By Timothy Scott
(Continued from A Wealth of Wildlife in Costa Rica - Page 1)
Riding across the gulf after checking out a couple days later, dolphins emerged from the water a hundred meters away, but as if to illustrate the breadth of what’s under the water here, a sea turtle popped his head out of the water just a few feet away. He looked us over, decided he didn’t like what he saw, and swam away in the opposite direction.
On the Osa Peninsula proper, my wife and daughter landed at the airstrip and joined me at Lapa Rios—one of the original eco-friendly jungle lodges and perhaps still the best. With around 1,000 acres of jungle in its back yard, some of it primary rainforest, it commands a prime spot where the land meets the sea. Here the local excursions are also a key part of the experience and the excellent guides are able to spot birds and animals we casual hikers would never even know were there. “Stay clear of that coral snake on the log,” would be a typical comment on a day hike, or “Let’s take a little detour; another guide just spotted a sloth.”
My daughter especially enjoyed the night hike, where we put on rubber boots and followed a guide with a powerful flashlight. The jungle is a different place at night, when some creatures take a snooze, but others come out after sleeping away the day. Indeed one of the first sites was a type of parrot asleep in a tree, eyes closed, still standing up. We spotted several small snakes moving along branches, colorful frogs just off the path, and others swimming in a pond. All around us, insects scattered, chirped, and sang. The thick forest felt like a teeming, evolving organism made up of a thousand different parts.
Your Daily Dose of Wildlife
Of course there are plenty of other Costa Rican regions filled with wild animals. Even at the Four Seasons in dry Guanacaste, parrots flew by my balcony and howler monkeys made the trees shake nearby. It’s not uncommon to see a capuchin monkey walk across the tee box of the golf course. After all, the course is a Certified Audubon Cooperative Sanctuary. At night the beach may start moving next to your feet: you look down and see a carpet of hermit crabs.
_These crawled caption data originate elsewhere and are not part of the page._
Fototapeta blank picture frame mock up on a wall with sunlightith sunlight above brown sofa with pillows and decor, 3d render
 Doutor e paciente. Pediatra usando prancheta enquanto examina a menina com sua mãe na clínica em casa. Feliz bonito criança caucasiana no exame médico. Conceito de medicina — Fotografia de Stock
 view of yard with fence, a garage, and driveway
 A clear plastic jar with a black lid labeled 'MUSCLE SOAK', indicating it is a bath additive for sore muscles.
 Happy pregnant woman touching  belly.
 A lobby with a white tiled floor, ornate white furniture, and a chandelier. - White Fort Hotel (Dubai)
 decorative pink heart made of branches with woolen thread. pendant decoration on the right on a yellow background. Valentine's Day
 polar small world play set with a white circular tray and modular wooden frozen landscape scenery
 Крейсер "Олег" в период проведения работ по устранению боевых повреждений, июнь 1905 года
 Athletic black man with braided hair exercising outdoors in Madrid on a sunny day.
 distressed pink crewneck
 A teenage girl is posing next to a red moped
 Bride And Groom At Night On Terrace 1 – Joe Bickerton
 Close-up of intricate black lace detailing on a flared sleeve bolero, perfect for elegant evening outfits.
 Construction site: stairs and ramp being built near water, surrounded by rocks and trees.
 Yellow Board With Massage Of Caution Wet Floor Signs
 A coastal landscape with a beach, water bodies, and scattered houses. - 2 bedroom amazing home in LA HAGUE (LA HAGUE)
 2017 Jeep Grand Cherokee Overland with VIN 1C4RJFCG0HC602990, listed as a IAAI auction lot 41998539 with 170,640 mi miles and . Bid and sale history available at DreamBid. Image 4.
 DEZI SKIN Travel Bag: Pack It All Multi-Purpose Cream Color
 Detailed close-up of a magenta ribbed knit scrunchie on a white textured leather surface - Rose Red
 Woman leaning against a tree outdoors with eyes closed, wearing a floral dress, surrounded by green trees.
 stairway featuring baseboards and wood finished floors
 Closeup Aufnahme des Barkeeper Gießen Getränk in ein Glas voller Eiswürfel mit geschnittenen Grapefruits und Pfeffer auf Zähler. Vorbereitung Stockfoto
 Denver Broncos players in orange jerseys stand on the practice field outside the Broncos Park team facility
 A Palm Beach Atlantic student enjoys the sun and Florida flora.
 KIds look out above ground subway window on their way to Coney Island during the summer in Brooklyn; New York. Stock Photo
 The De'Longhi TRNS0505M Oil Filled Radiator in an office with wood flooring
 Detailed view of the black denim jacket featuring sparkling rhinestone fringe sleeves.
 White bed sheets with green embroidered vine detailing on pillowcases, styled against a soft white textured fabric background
A baby sea turtle wandered across my path one evening, confused by the pool lights. Fortunately the hotel has a program to capture the wanderers and care for them a few weeks until they can fend for themselves in the sea.
Rancho Pacifico, on the Pacific Coast south of Manuel Antonio National Park, is another prime place for living in the lap of luxury, but with a menagerie of birds and mammals a short walk away. A scope on the restaurant deck is great for zooming in on eagles, toucans, and macaws. A walk among the 250 acres of jungle adjoining will likely take you into the midst of smaller colorful birds, Blue Morpho butterflies, and mammals moving around looking for breakfast. At the bottom of the mountain where the resort is perched is the Whale’s Tail peninsula, where migrating whales travel by part of the year.
I spent the end of my trip at the Suu Hotel in Manuel Antonio, in a forested area away from the reggae bars and surf shops. After experiencing Costa Rica on my own terms, I had no desire to fight the tour bus throngs at the national park there, so I grabbed a towel and found a lounge chair by the pool, lamenting the idea that my time with the animals was coming to a close. As if on cue, a squirrel monkey moved across a nearby branch, made a giant leap, and stared down from the closest tree while snacking on some fruit. Thanks for coming to say goodbye!